As discussed earlier on this site, Matt Cain has received a contract extension to pitch for the San Francisco Giants through 2012. It is a decent contract for the team in my eyes, but the contract may have other consequences. Matt Cain’s contract stipulates a salary for 2012 of $15 million. When combined with the team’s existing excruciatingly ugly contract with Barry Zito, the Giants will have roughly $35 million committed to two pitchers for that season. What is the fallout of this extension? Is the future of a certain back-to-back Cy Young award winner up in the air when considering who he’ll pitch for?

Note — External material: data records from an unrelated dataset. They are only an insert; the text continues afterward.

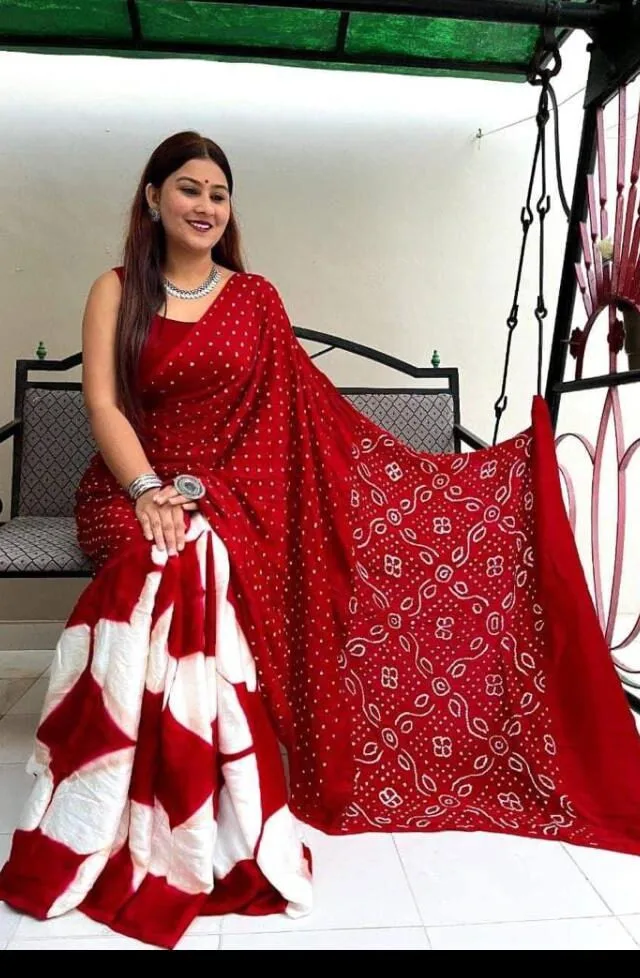 Digital Print Ruchi Cotton Wholesale Saree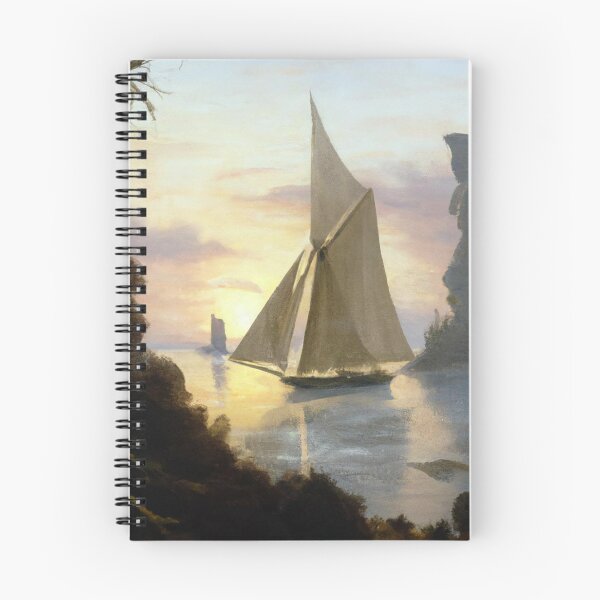 Item preview, Old Sailboats #5 by The Pianist designed and sold by Fabled-Gallery.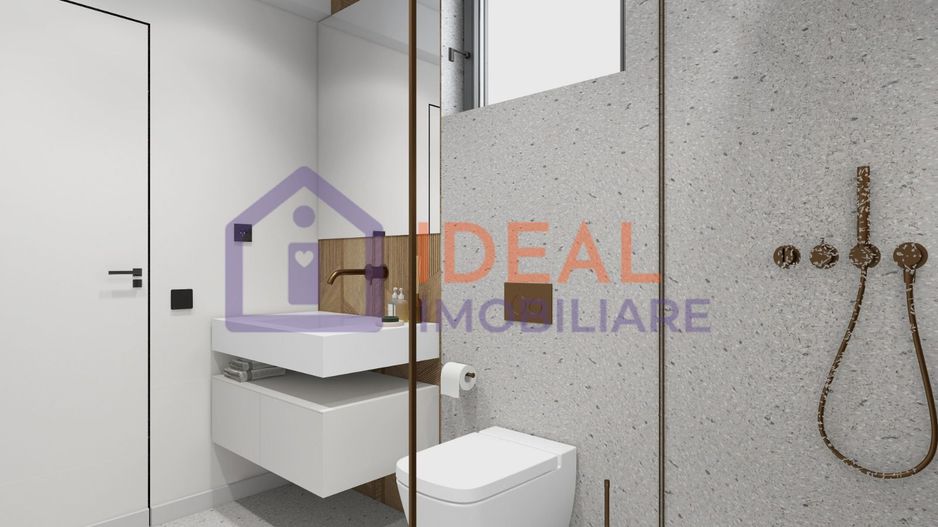 Casa Moderna cu 5 camere si 350 mp curte, in Selimbar - Poză 15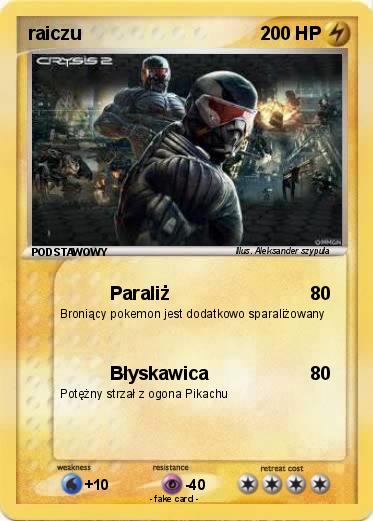 Pokemon raiczu
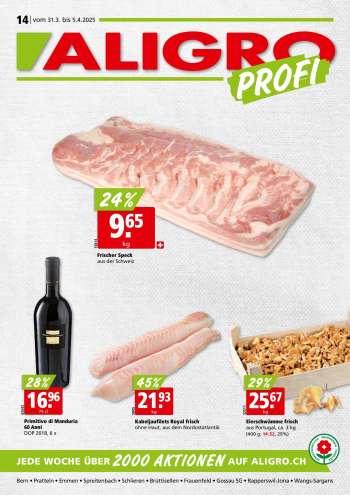 Volantino ALIGRO - 31.3.2025 - 5.4.2025.
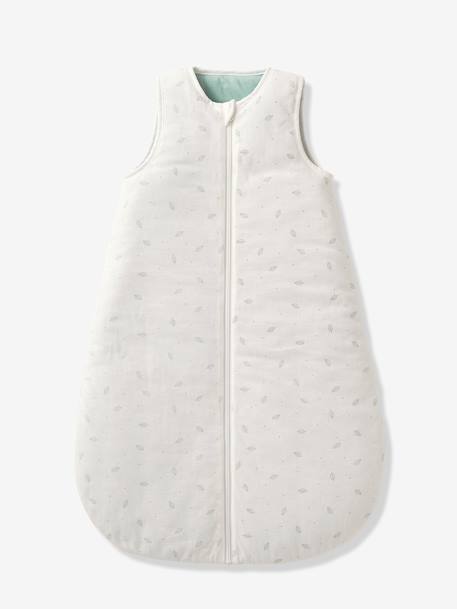 Gigoteuse ouverture centrale Dreamy en coton bio* personnalisable caramel+écru 10 - vertbaudet enfant 
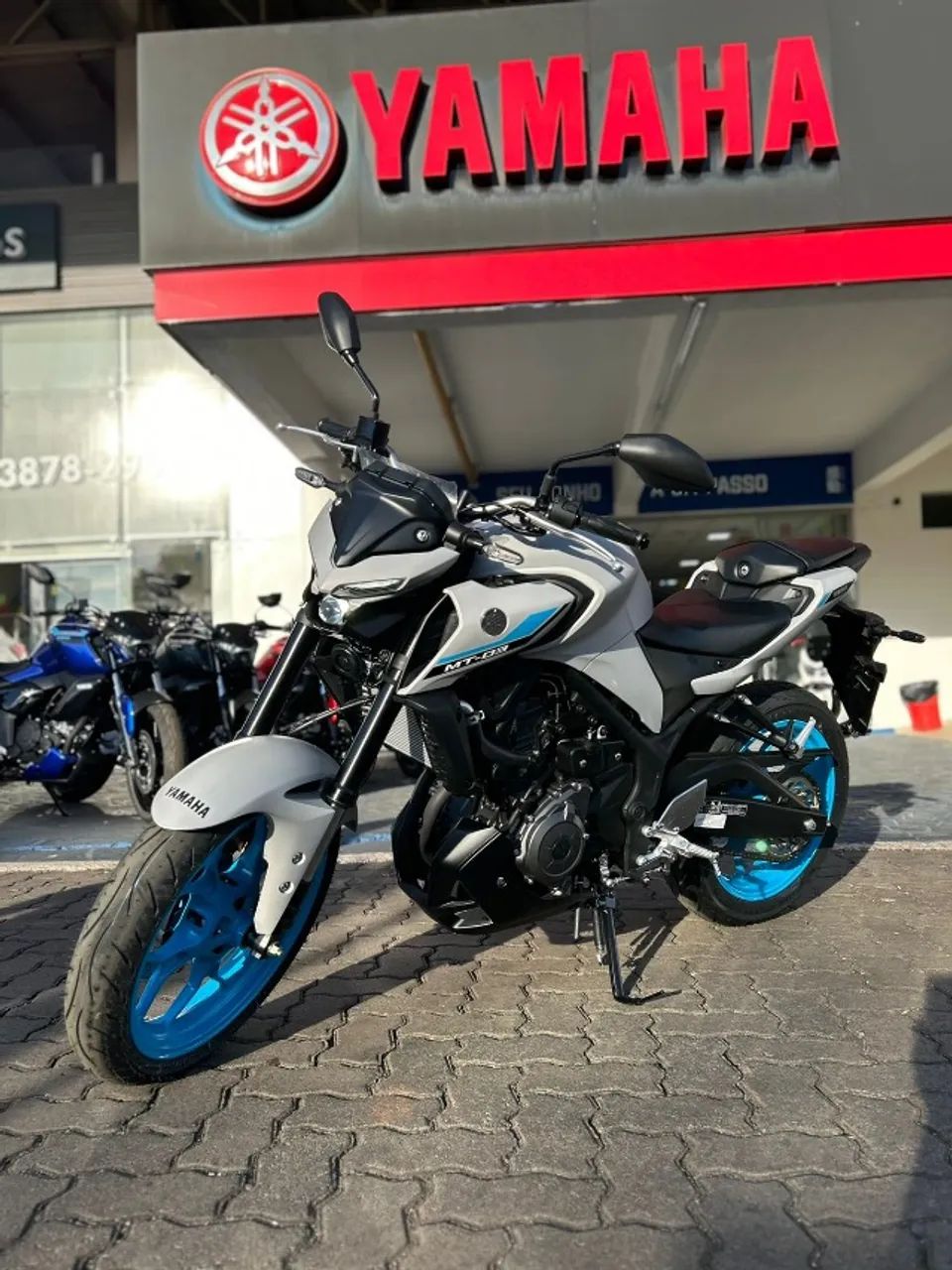 MT-03 CONNECTED - COMPRE SEM CNH!!!!!!
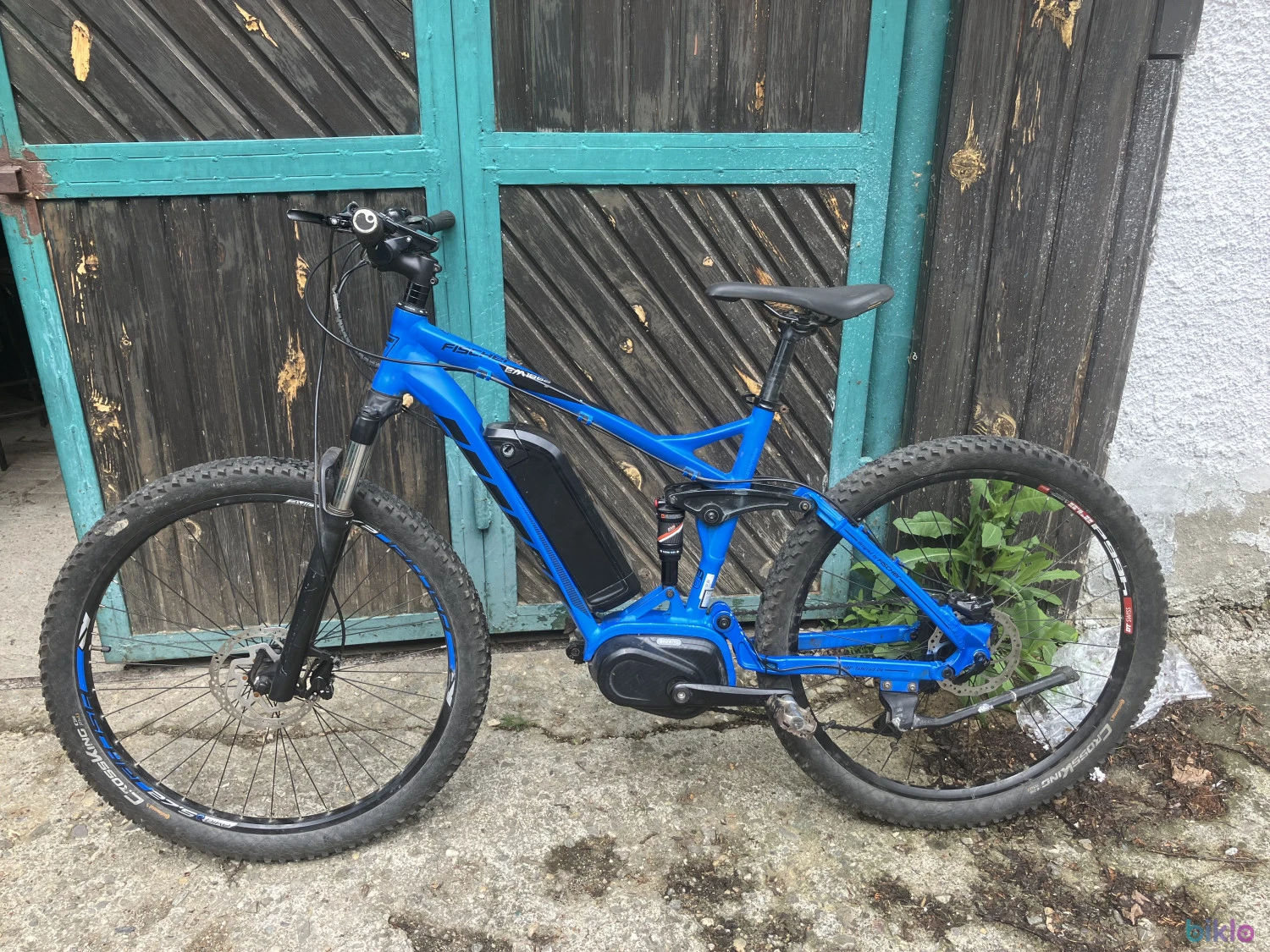 7. Mtb Fisher folosit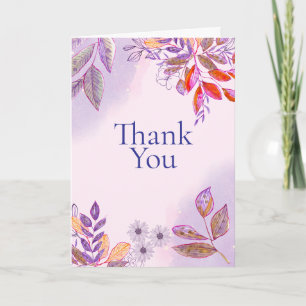 Elegant Thank You Card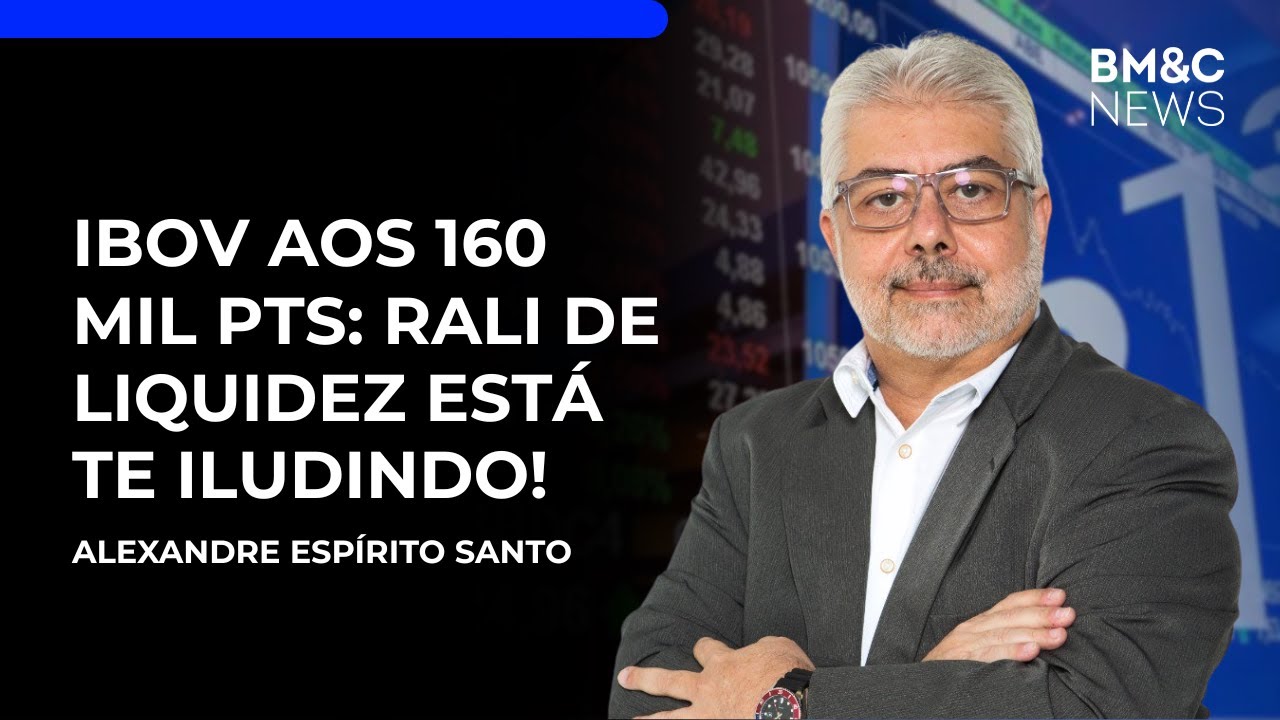 Recorde no Ibov e empresas FUGINDO: o que tem de errado? | BM&C NEWS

Tim Lincecum has been completely dominant over the past couple years, earning two Cy Youngs in his first two 200 innings seasons. He’s also off to a great start on his 2010 campaign as well. His pitching excellence brought out rumors that he would be asking for upwards of $20 million in a historic arbitration request this past off-season. But he and the team settled on a two-year, $23 million contract that would pay him $9 million this season and $14 million in 2011.
Looking forward to 2012, if he continues to dominate opposing hitters, Lincecum could ask for a monumentus figure in arbitration or long-term contract discussions. Even if you were to split his raise from 2010 to 2011 in half and apply it to his 2012 salary, he would be paid $16.5 million. This would mean that the team would have three players earning a total of $51.5 million in 2012. If the team maintained their 2010 opening day payroll of $96,277,833 (Cot’s Baseball Contracts), the three starters would take up over half (53.49%) of the payroll. That would leave roughly $44.8 for the rest of the roster. But if you figure in Brian Wilson’s recent extension, and if Jeremy Affeldt’s option gets picked up, the remaining amount for the rest of the roster would be $31.5 million……ugh!
Unless there are some substantial increases in the team’s payroll over the next couple seasons, someone will likely have to go in order for the team to have ANYassemblance of a offense….or other pitchers for that matter. Although trading Tim Lincecum would be nearly as bad of a PR nightmare as trading Albert Pujols would be to the Cardinals, you have to wonder about GM Brian Sabean’s options. Zito is unmovable and has been since he signed on the dotted line. Cain’s $15 million salary for 2012 does not give much room between his performance and the expected performance of a pitcher earning that figure (FanGraphs gave his production last season a value of $16 million). If Cain regresses, the team may be handcuffed by two large contracts for 2012.
Has Sabean run into a pot o’ gold for the next few seasons?